Dan Cohen

Archive for the ‘Programming’ Category

Creating a Blog from Scratch, Part 1: What is a Blog, Anyway?

Friday, December 16th, 2005

If you look at the bottom of this page, you won’t see any of the telltale signs that it is generated by a blog software package like Blogger, Moveable Type, or WordPress. When I was redesigning this site and wanted to add a blog to it, I made the perhaps foolhardy decision to write my own blogging software. Why, you might ask, would I recreate the proverbial wheel? As I’ll explain in several other columns in this space, writing your own software is one of the best ways to learn—not only about how to write software, but also about genres and to think about (and rethink) some of the assumptions that go into the construction of software written for specific genres. The first question I therefore asked myself was, What is a blog, anyway?

Seems like an easy question. But it’s really not. Blogs began literally as “Web logs,” as logs of links to websites that people thought were interesting and wanted to share with others. Hip readers of this blog will recognize, however, that this task has recently shifted to new “Web 2.0″ services like del.icio.us, Furl, and Digg. Many blogs continue to include links to other websites, of course, perhaps with some commentary added, but the blog is quickly becoming the wrong place to merely list a bunch of links.

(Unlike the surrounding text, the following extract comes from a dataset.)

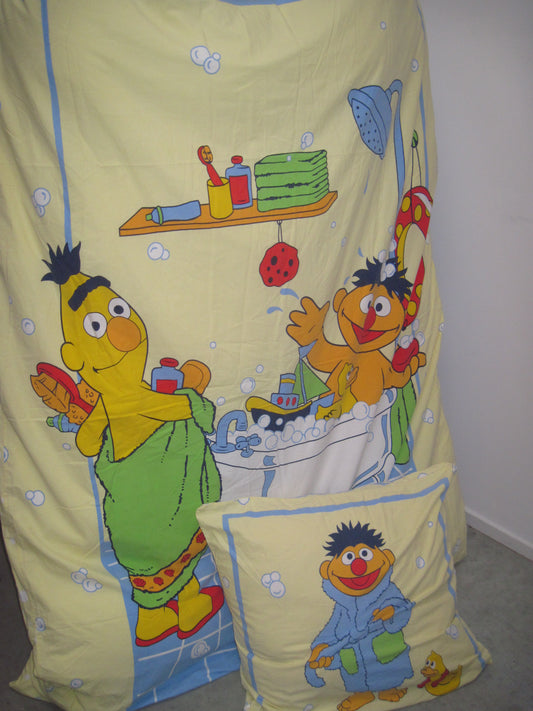 dekbedset Bert & Ernie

Following this initial purpose, the blog became a place for early adopters to write about events in their lives. In other words, the closest cognate to an offline genre was the diary. As I’ll argue in my next post in this series, this phase has made a permanent (and not entirely positive) mark on blogging software. Let me say for now that it led to what I would call “the tryanny of the calendar” (note all of those calendars on blogs).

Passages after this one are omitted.